The Girl Who Played With Fire
The Girl Who Played With Fire picks up with Lisbeth Salander leaving the Caribbean and returning to Stockholm where she pays a visit to her guardian, Bjurman, to remind him of their mutually beneficial deal and assure him that she expects to exit court-appointed guardianship as they agreed upon.
The follow-up to The Girl with The Dragon Tattoo is intense and mysterious as the film follows Lisbeth Salander (Rapace) deeper into her own history as she and Blomkvist team up this time to uncover the details of a sex-trafficking scandal that will rock both Swedish political circles and Salander’s life at the same time.
Rapace’s Salander is as serious and withdrawn as ever as facts begin to emerge about who she really is and what dark secrets lie in her past. The details of her life are a messy tangle of intrigue and bad deals almost from her birth down to the final scenes of the film. Of course, Blomkvist (Nyquist) is there, as usual, to stand up for Salander and remind her that not all men are dangerous and want to harm her.
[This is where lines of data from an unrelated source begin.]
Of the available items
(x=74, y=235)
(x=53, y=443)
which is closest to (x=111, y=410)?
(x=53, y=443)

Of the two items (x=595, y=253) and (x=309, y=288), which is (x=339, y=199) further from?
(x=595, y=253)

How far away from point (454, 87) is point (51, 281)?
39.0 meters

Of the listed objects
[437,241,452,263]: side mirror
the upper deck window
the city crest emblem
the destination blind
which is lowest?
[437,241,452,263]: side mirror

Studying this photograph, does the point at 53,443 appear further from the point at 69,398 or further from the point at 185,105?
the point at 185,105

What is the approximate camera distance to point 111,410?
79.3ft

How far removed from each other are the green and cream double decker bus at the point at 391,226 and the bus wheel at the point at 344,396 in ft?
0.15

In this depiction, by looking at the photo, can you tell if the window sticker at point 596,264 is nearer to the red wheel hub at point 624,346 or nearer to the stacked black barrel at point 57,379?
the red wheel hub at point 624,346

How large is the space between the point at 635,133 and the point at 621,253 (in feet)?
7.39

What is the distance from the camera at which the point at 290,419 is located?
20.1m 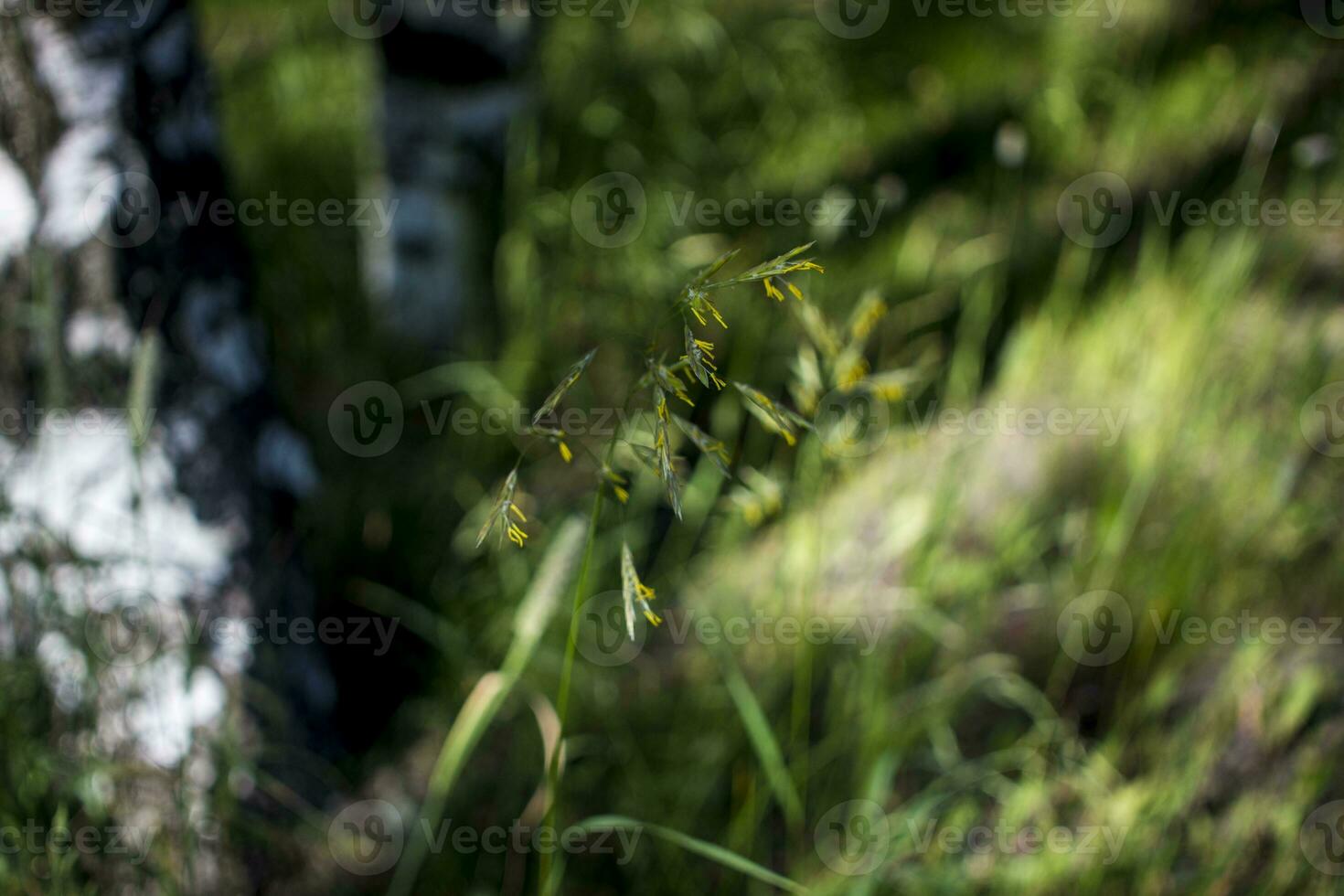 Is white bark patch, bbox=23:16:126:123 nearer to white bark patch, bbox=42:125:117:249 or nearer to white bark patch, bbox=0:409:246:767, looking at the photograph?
white bark patch, bbox=42:125:117:249

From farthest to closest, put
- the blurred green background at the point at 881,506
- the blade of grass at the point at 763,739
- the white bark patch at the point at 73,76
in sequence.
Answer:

The film is interesting but a little halted in places as the story develops. And you can see the ending coming early in the film but that’s ok, especially if you like the twisted intrigue of the story and you haven’t read the books. The characters don’t always seem to know where they’re going and with Salander and her girlfriend, Miriam Wu, looking so much alike it was easy to get distracted in a moment when they were sharing a scene; thankfully they had only a few. Nyqvist is handsome and strong as Salander’s “protector.” Overall, the story, as it unfolds, is a good fit with the previous film.
If you’re looking to get into the Swedish film version of the Stieg Larsson books you won’t be disappointed in this film. Check it out and enjoy the subtitled version – it requires reading but you get the look and feel of the emotions of the characters that is less evident in the only real DVD extra, an English overdub.